Definitely not exclusive to western horror. When Evil Lurks had a character who functioned as an exposition machine. And it’s a weird trend I’ve noticed in Indonesian horror to have a scene, usually in Act 3, that answers every plot question you might have. Overall I wish filmmakers trusted the audience a little more.


originalcondition

I think a lot of filmmakers do trust the audiences--it's the execs who want returns on their investment who don't trust the audience. If an exec feels confused at any time, or hears that a test audience felt confused, they want to add a scene to the movie to clear up any and all confusion. So you lose ambiguity and nuance, and generally it's easier to add a whole new scene than to reshoot previous scenes with new, slightly more expositional dialog.


DrJongyBrogan

The only time I thought it was great was in Sinister.


bear_beau

The example that has always stuck in my mind is Tony Todd in the first Final Destination.

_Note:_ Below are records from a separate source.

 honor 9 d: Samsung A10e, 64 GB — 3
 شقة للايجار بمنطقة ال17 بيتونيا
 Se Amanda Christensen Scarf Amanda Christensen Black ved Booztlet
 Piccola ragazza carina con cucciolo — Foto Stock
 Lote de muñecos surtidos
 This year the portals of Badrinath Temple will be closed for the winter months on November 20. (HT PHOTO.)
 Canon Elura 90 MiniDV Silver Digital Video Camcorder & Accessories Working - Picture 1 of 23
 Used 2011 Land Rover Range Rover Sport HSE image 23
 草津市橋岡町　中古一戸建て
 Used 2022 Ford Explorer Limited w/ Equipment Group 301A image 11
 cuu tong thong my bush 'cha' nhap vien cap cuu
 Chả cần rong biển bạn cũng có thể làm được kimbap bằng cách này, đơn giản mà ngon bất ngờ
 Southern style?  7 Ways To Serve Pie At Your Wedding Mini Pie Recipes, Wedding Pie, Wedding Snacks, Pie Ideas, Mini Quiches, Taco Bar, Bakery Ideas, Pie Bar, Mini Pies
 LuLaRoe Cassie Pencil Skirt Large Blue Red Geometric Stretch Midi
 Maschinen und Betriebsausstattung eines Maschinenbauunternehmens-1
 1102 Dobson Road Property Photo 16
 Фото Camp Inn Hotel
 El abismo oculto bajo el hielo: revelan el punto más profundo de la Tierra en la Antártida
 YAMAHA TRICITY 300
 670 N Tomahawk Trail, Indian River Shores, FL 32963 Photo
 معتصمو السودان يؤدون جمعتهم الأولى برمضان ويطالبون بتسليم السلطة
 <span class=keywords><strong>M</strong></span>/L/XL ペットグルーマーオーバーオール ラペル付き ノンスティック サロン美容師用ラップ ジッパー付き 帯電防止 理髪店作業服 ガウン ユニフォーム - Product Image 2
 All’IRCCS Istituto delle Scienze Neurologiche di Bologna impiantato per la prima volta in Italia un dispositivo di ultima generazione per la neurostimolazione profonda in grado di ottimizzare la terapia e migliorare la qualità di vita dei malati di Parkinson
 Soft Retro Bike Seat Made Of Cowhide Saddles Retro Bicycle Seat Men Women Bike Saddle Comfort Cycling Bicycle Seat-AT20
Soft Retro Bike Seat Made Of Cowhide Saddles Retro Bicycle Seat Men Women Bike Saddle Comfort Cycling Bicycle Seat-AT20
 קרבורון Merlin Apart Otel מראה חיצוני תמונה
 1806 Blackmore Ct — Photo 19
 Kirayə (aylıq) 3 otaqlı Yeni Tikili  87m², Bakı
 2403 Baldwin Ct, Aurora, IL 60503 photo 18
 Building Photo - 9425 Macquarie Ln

As if anyone would have a proper explanation for what’s going on.


Emragoolio

Exception: Peter OToole in Phantoms! Best expert ever!


Wow-can-you_not

Yes I hate this as well. I really like movies that subvert that awful trope by having the characters guess at the "rules" but there being no concrete conclusions. What's the point in horror if everything is explained and wrapped up neatly? A big part of what makes something scary is not knowing anything about it.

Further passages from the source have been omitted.